_Problem details_
Please, without the pictures, restate every entry exactly.

_Data to use_
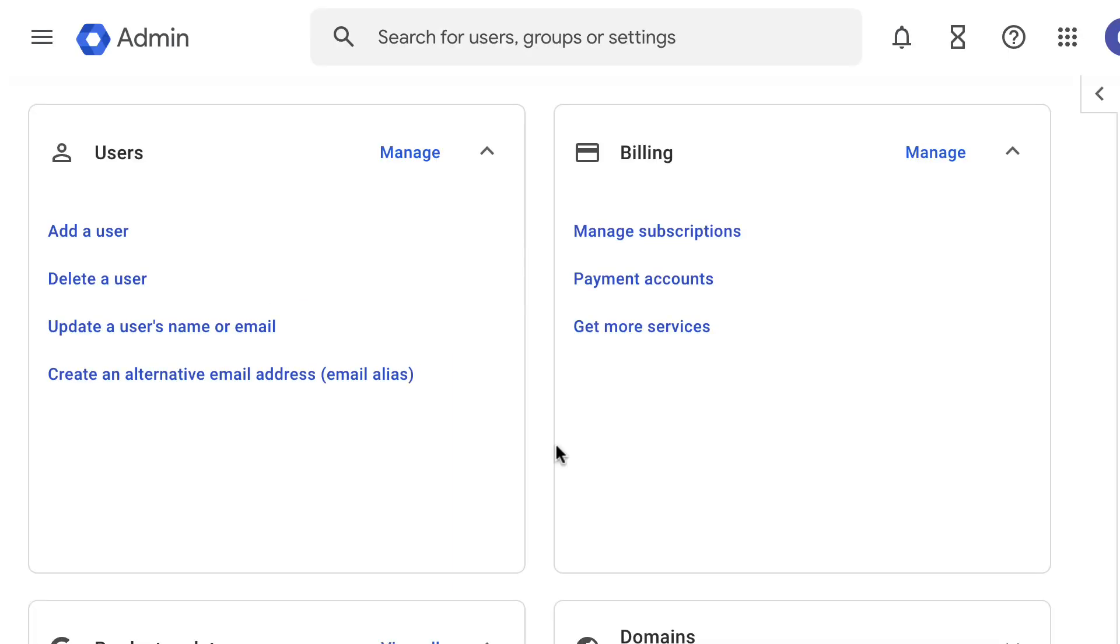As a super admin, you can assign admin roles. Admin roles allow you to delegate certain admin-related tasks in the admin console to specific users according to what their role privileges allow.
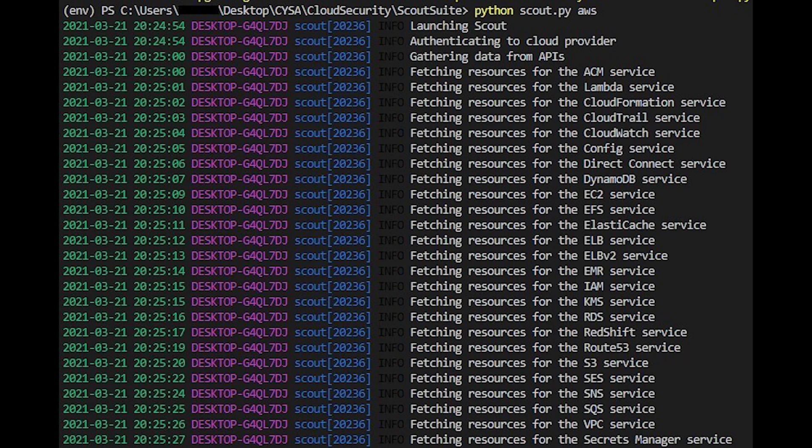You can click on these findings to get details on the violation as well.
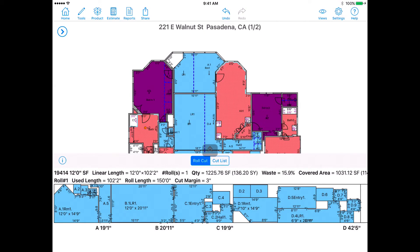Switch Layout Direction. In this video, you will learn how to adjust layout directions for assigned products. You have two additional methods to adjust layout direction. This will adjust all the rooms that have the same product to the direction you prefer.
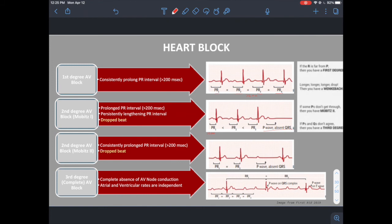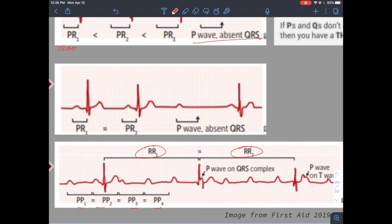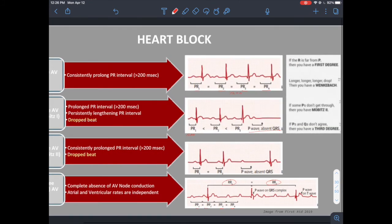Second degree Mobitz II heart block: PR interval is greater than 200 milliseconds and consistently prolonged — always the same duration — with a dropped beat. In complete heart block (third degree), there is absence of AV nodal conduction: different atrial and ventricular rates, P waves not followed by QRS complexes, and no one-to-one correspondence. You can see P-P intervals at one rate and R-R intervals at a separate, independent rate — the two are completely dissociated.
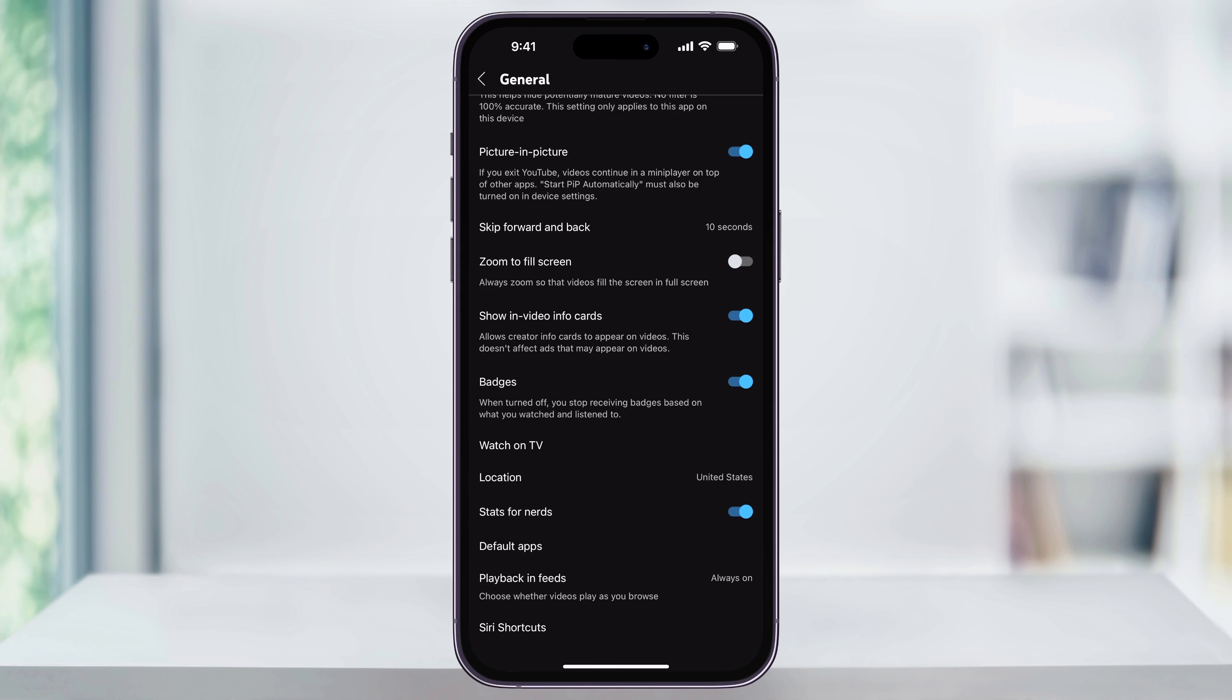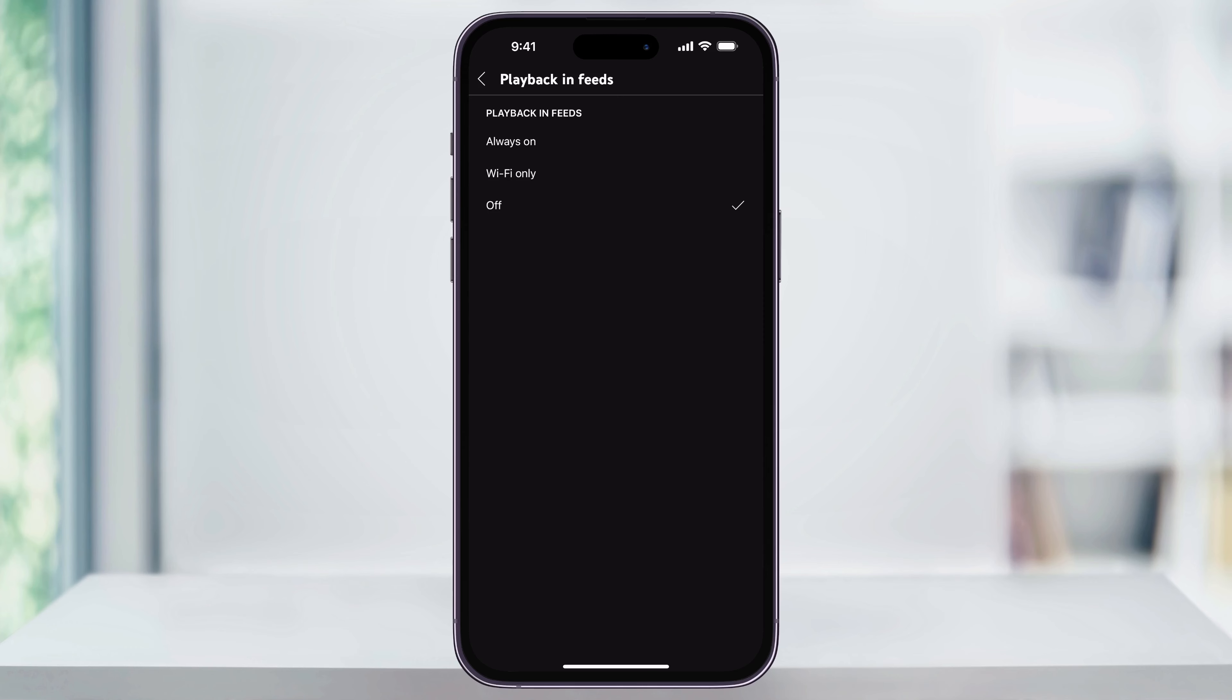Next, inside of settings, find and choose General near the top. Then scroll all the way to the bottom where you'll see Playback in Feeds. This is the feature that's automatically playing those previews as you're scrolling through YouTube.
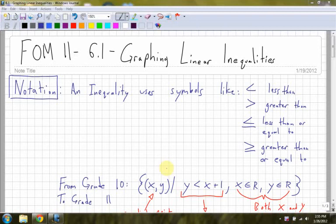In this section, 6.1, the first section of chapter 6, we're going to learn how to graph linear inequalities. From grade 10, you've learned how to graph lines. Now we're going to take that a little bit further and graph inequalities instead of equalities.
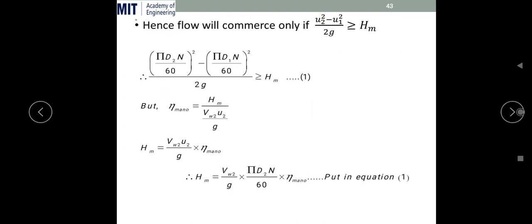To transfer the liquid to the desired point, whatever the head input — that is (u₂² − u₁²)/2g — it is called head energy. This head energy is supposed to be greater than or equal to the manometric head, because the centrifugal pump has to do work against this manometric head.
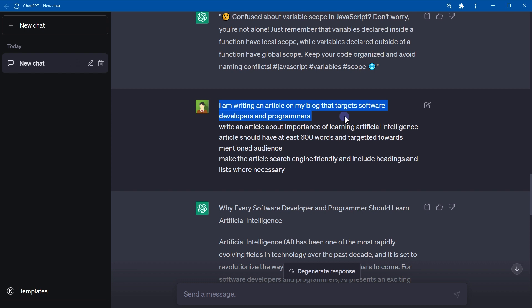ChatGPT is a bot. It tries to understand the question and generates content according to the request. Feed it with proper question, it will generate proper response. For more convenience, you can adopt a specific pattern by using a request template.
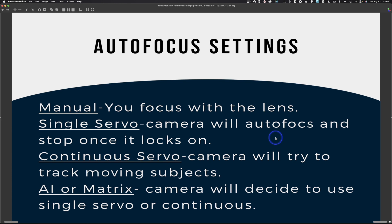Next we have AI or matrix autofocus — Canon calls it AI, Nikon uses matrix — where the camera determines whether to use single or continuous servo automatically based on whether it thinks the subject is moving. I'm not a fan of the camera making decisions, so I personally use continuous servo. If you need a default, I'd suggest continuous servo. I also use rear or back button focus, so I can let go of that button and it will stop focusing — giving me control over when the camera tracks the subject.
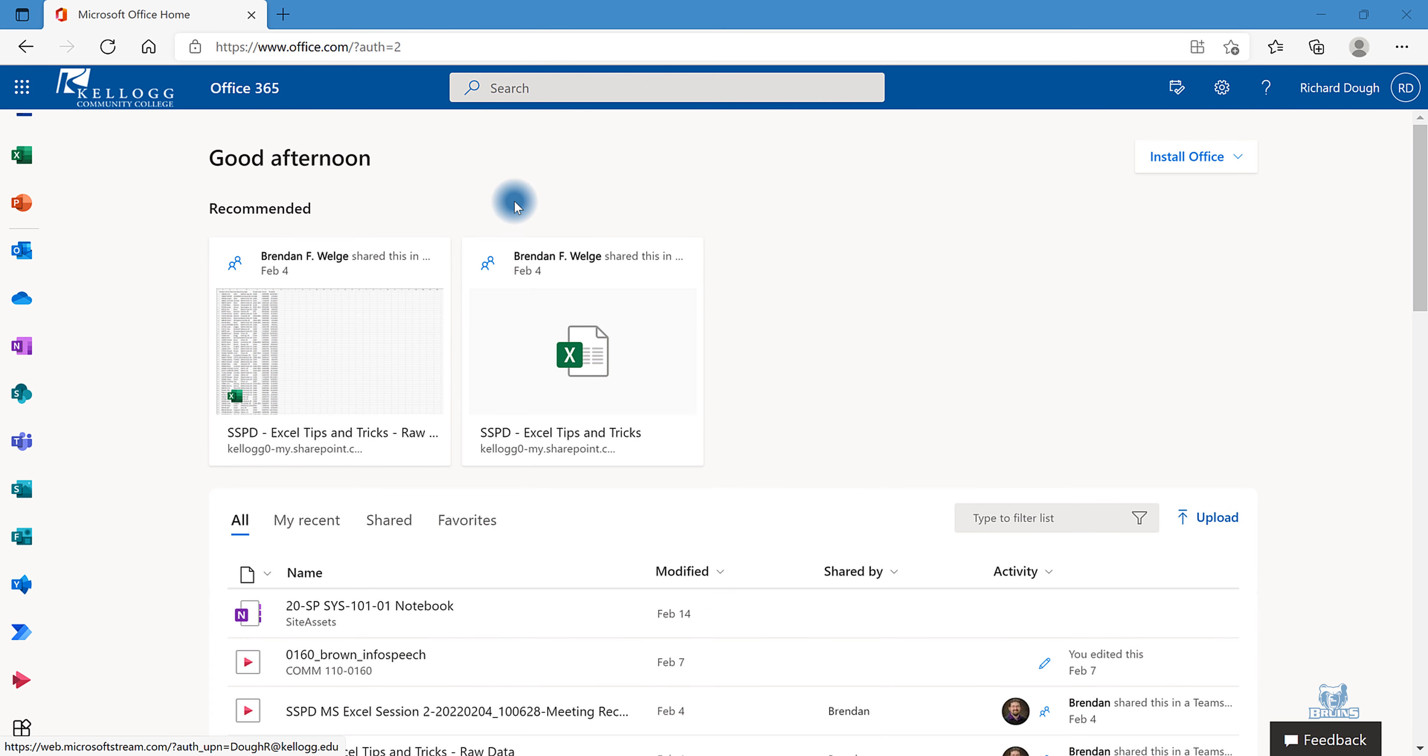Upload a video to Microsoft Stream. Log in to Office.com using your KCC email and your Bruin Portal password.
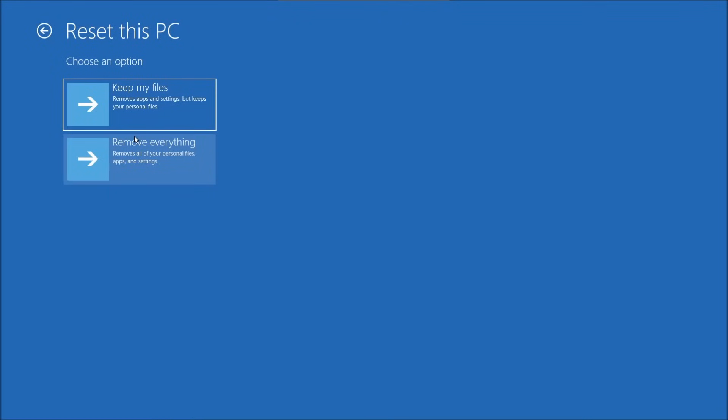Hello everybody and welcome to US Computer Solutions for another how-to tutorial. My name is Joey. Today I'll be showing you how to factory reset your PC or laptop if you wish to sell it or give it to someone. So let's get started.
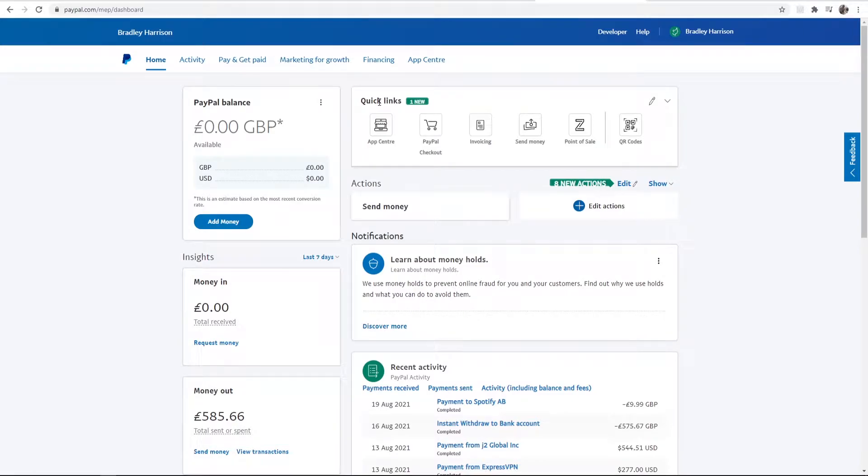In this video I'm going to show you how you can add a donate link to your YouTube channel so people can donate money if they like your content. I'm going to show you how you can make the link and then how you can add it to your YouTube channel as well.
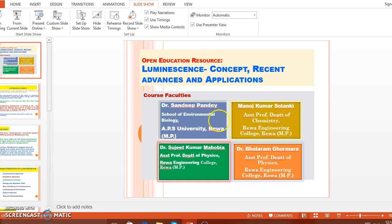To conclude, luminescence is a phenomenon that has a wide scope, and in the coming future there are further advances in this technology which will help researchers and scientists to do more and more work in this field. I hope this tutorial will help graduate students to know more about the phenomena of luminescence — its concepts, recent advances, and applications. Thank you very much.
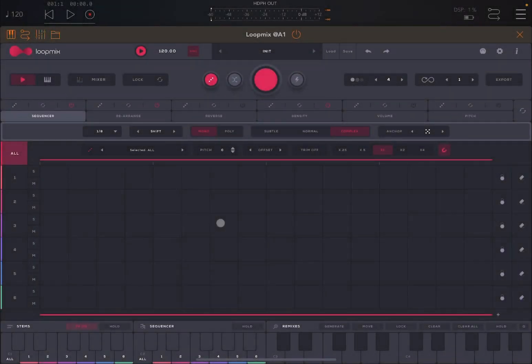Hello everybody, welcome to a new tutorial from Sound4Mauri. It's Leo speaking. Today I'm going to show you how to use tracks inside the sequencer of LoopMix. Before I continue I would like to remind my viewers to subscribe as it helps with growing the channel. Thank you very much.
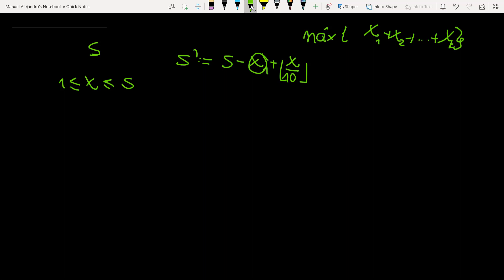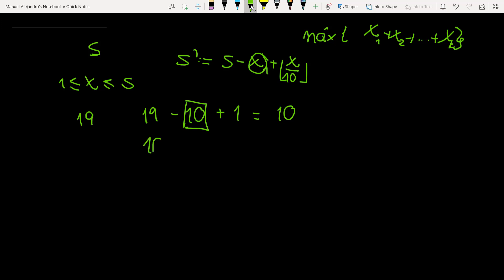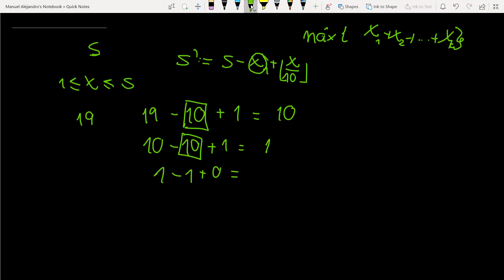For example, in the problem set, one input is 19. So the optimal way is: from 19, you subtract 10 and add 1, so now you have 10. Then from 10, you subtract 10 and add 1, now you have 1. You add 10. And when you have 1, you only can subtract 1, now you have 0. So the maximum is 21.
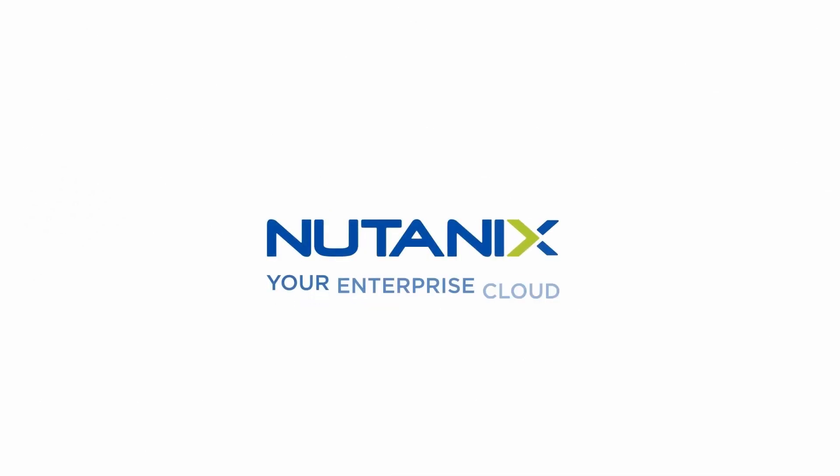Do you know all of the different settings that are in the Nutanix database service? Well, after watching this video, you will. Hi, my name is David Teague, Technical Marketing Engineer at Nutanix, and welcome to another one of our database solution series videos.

_Response to the exercise_
As a super admin, you can assign admin roles. Admin roles allow you to delegate certain admin-related tasks in the admin console to specific users according to what their role privileges allow.
You can click on these findings to get details on the violation as well.
Switch Layout Direction. In this video, you will learn how to adjust layout directions for assigned products. You have two additional methods to adjust layout direction. This will adjust all the rooms that have the same product to the direction you prefer.
Second degree Mobitz II heart block: PR interval is greater than 200 milliseconds and consistently prolonged — always the same duration — with a dropped beat. In complete heart block (third degree), there is absence of AV nodal conduction: different atrial and ventricular rates, P waves not followed by QRS complexes, and no one-to-one correspondence. You can see P-P intervals at one rate and R-R intervals at a separate, independent rate — the two are completely dissociated.
Next, inside of settings, find and choose General near the top. Then scroll all the way to the bottom where you'll see Playback in Feeds. This is the feature that's automatically playing those previews as you're scrolling through YouTube.
In this section, 6.1, the first section of chapter 6, we're going to learn how to graph linear inequalities. From grade 10, you've learned how to graph lines. Now we're going to take that a little bit further and graph inequalities instead of equalities.
To transfer the liquid to the desired point, whatever the head input — that is (u₂² − u₁²)/2g — it is called head energy. This head energy is supposed to be greater than or equal to the manometric head, because the centrifugal pump has to do work against this manometric head.
ChatGPT is a bot. It tries to understand the question and generates content according to the request. Feed it with proper question, it will generate proper response. For more convenience, you can adopt a specific pattern by using a request template.
Next we have AI or matrix autofocus — Canon calls it AI, Nikon uses matrix — where the camera determines whether to use single or continuous servo automatically based on whether it thinks the subject is moving. I'm not a fan of the camera making decisions, so I personally use continuous servo. If you need a default, I'd suggest continuous servo. I also use rear or back button focus, so I can let go of that button and it will stop focusing — giving me control over when the camera tracks the subject.
Upload a video to Microsoft Stream. Log in to Office.com using your KCC email and your Bruin Portal password.
Hello everybody and welcome to US Computer Solutions for another how-to tutorial. My name is Joey. Today I'll be showing you how to factory reset your PC or laptop if you wish to sell it or give it to someone. So let's get started.
In this video I'm going to show you how you can add a donate link to your YouTube channel so people can donate money if they like your content. I'm going to show you how you can make the link and then how you can add it to your YouTube channel as well.
To conclude, luminescence is a phenomenon that has a wide scope, and in the coming future there are further advances in this technology which will help researchers and scientists to do more and more work in this field. I hope this tutorial will help graduate students to know more about the phenomena of luminescence — its concepts, recent advances, and applications. Thank you very much.
Hello everybody, welcome to a new tutorial from Sound4Mauri. It's Leo speaking. Today I'm going to show you how to use tracks inside the sequencer of LoopMix. Before I continue I would like to remind my viewers to subscribe as it helps with growing the channel. Thank you very much.
For example, in the problem set, one input is 19. So the optimal way is: from 19, you subtract 10 and add 1, so now you have 10. Then from 10, you subtract 10 and add 1, now you have 1. You add 10. And when you have 1, you only can subtract 1, now you have 0. So the maximum is 21.
Do you know all of the different settings that are in the Nutanix database service? Well, after watching this video, you will. Hi, my name is David Teague, Technical Marketing Engineer at Nutanix, and welcome to another one of our database solution series videos.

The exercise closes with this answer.